Game of Thrones pilot

Image via HBO

But as a kind of prequel? Or a flashback? It’s awesome. There are so many moments replaying events that take place in the street to the point where all you look at is Robb (Richard Madden), Bran (Isaac Hempstead Wright), Which on (Alfie Allen) and Jon (Kit HaringtonSaving a pack of direwolves is incredibly emotional. Only two of these characters survive to the end of the series, and the mentality the others have when looking at the “bastard” Jon Snow really reminds you of the way Snow thought throughout the series. He might end up becoming the king of the north, but he lived most of his life and felt pretty worthless.

Other moments are downright relaxing, like watching Sansa (Sophie Turner) Kitz about the young Joffrey (Jack Gleeson) when she asks her mother when they are going to get married. Knowing about the torture Joffrey inflicts on her and the abuse Sansa endures throughout the series makes this all the more heartbreaking. And the final moment of the episode in which Jamie Lannister (Nikolaj Coster-Waldau) pushes young Bran out the window when he spots Jamie and his sister Cersei (Lena intoxicating) does the horizontal tango in the tower, rings a little differently. When I first saw the episode, I saw a monster pushing a child out of the window. But if you look back at it and know how the Cersei-Jamie dynamic plays out later, it’s clear that Cersei is the one ordering him to push Bran. “He saw us!” she exclaims, only to repeat himself when Jamie seems to ignore her – “He saw us!” what does “do something about it!” Nervous and more than a little sad.

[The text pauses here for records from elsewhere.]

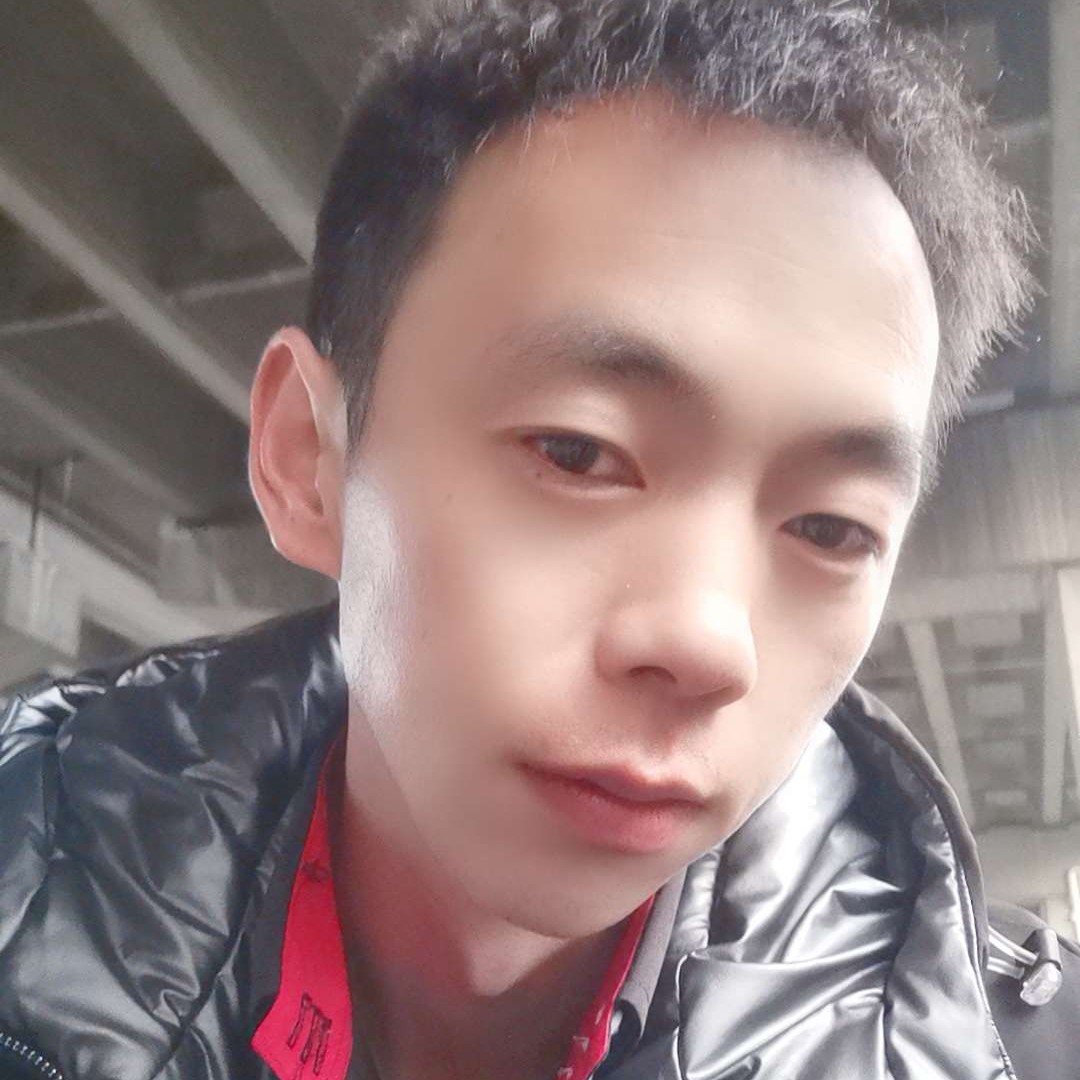 饼干挽手忧心的照片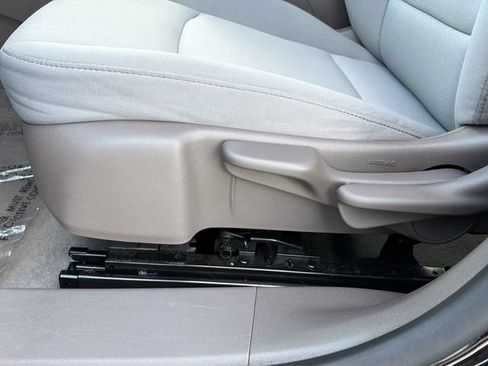 Used 2024 Chevrolet Malibu LS FWD image 21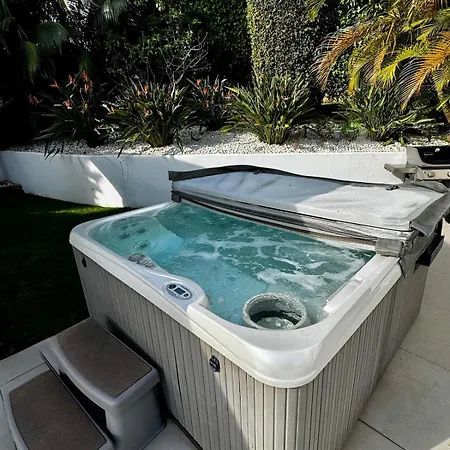 Angelique, 5 Bdr With Heated Private Pool In Puerto Banus 빌라 마르베야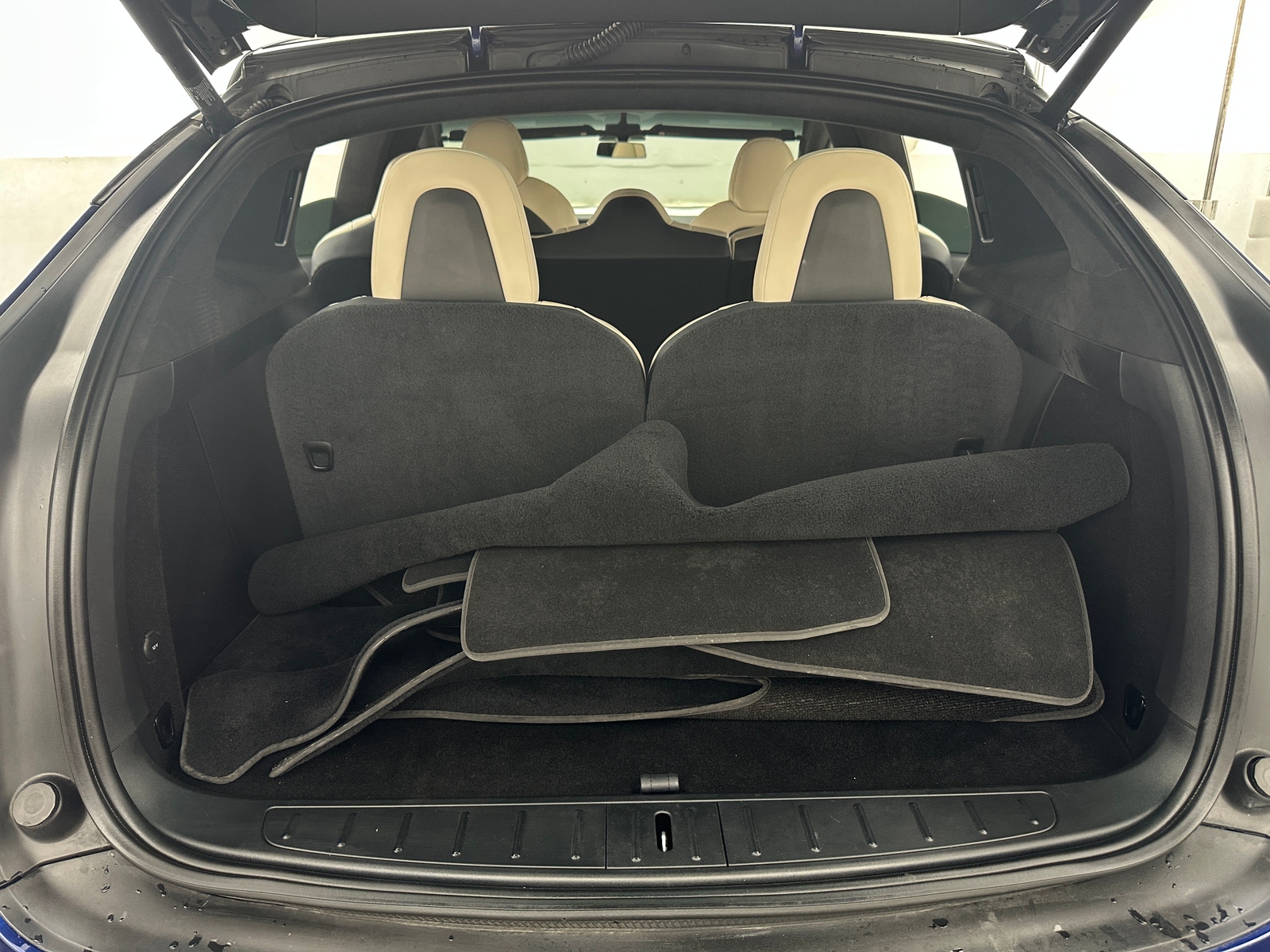 Thumbnail: 2020 Tesla Model X - 6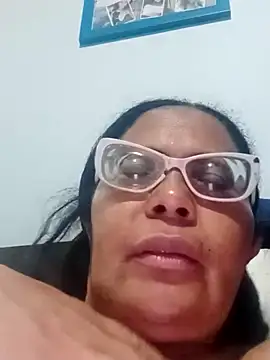 Snapshot of sexymomsn chatting on 04/03/26, 11:47 sexymomsn online show from 04/03/26, 11:47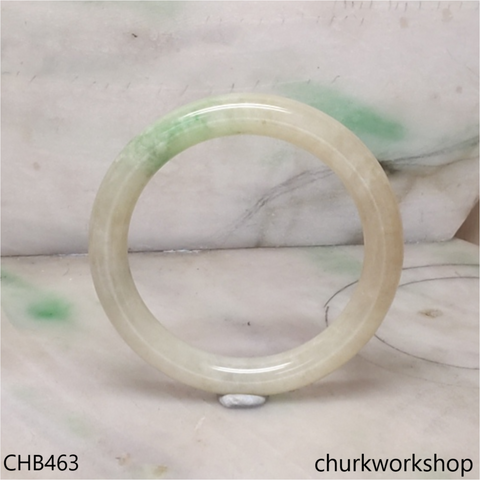 Pale yellowish green bangle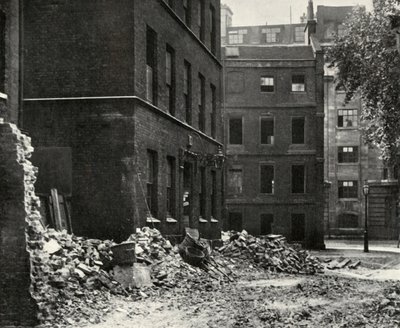 De locatie van de poort van Fetter Lane en de vervallen huizen in afwachting van sloop, 1934 door Unbekannt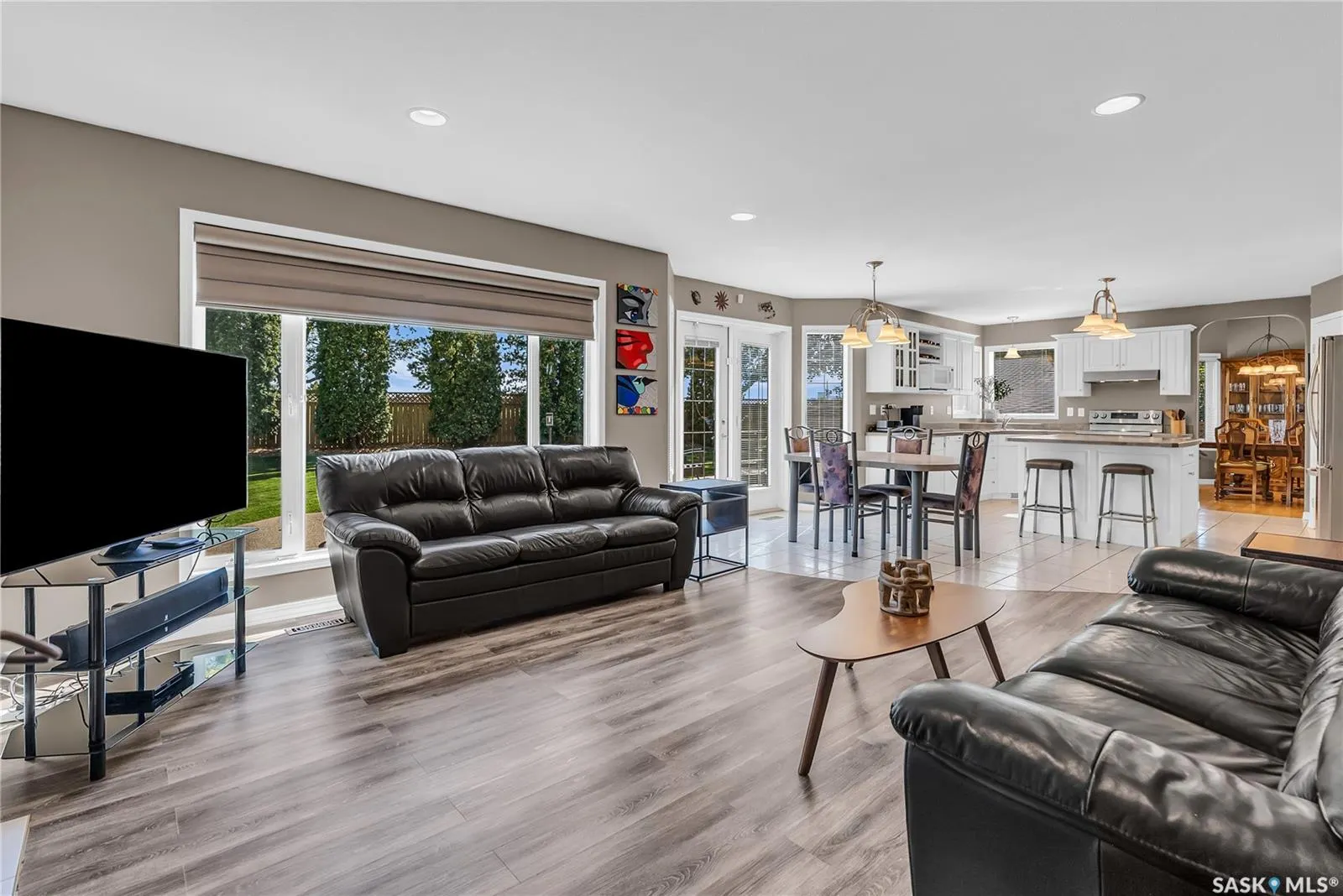 318 Mendel COVE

And outside of Winterfell and King’s Landing, Danys (Emilia Clarke) The story begins traumatically. She is literally introduced as naked and scared, a peasant in her brother’s game to reclaim the Iron Throne for the Targaryens. It’s still awkward to watch, especially given Clarke’s candor over the past few years about how some of the producers have handled female nudity on the show, but it’s also fascinating to see Dany and Jon start the series at such low points . As the show progresses, Dany and Jon become the main characters, and while Dany’s endgame isn’t great last season, she and Jon Snow ultimately become hugely powerful in the world of Game of Thrones. It is a long way up, indeed.

Game of Thrones pilot Dany

Image via HBO

Of course, Benioff and Weiss had the advantage of drawing from Martin’s book series (which, like a minor update, is not finished yet), and so much of this premonition is no accident. At the time the Game of Thrones pilot aired, the fifth book was – A dance with dragons – was about to be released so the showrunners had a lot of prior knowledge of the paths these characters would ultimately take. And Martin ended up telling them his planned endgame as soon as it became clear that the series would end before he had finished his books.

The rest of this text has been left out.